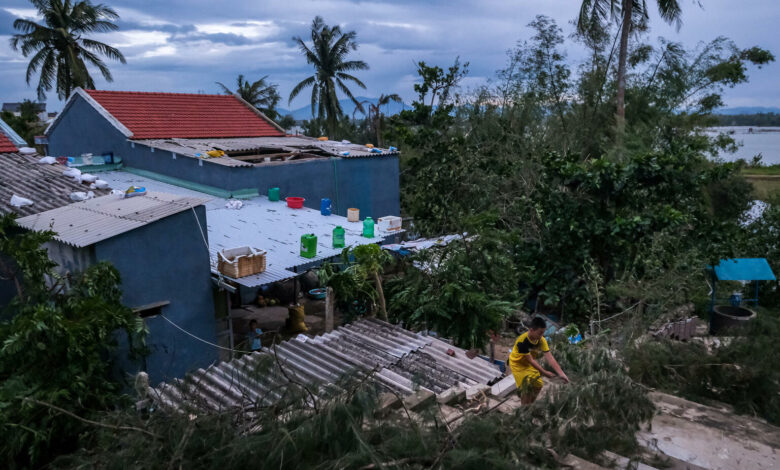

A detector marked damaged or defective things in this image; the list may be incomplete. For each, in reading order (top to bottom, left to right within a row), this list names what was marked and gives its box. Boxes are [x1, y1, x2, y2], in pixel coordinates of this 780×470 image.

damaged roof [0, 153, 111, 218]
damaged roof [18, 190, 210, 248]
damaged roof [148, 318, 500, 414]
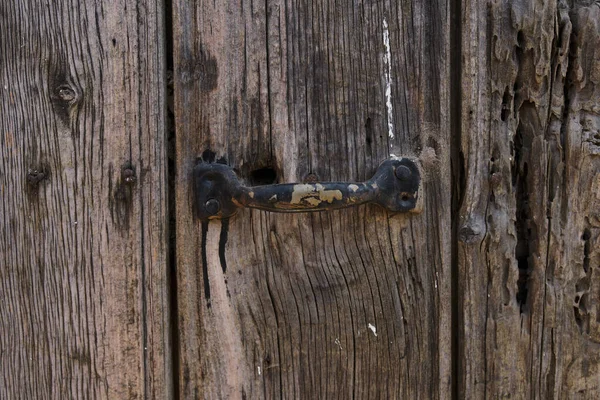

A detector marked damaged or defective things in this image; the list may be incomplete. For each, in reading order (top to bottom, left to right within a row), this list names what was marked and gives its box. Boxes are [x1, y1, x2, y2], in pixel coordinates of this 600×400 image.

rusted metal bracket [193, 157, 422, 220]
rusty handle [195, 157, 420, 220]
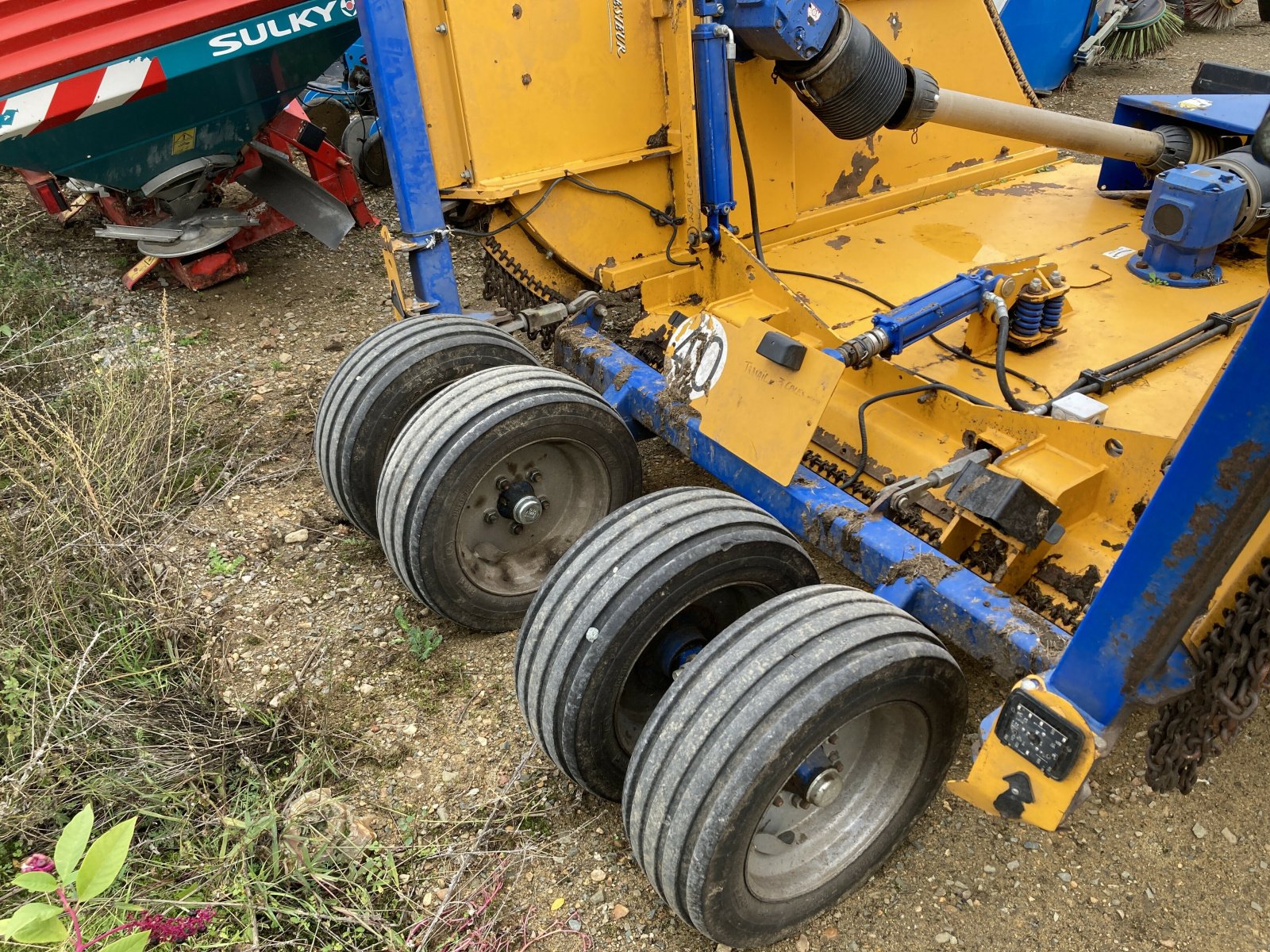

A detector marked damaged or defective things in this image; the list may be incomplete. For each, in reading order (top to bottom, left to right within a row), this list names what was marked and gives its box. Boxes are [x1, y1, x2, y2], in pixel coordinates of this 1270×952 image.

_What is needed_
With the pictures left out, copy exactly the lines from the one containing "this 600×400 image." through the final line of the records above, both included.

_Answer for the task_
A detector marked damaged or defective things in this image; the list may be incomplete. For each, in reading order (top to bottom, left to right within a row), this list names what was marked and gives its box. Boxes are [x1, y1, x2, y2], in pixel coordinates of this 600×400 image.

rusted metal bracket [193, 157, 422, 220]
rusty handle [195, 157, 420, 220]

A detector marked damaged or defective things in this image; the list may be incomplete. For each, in reading order (top to bottom, left to right within a row), this list names what was marked and gives its box. Boxes are [x1, y1, x2, y2], in pixel coordinates of this 1270×952 image.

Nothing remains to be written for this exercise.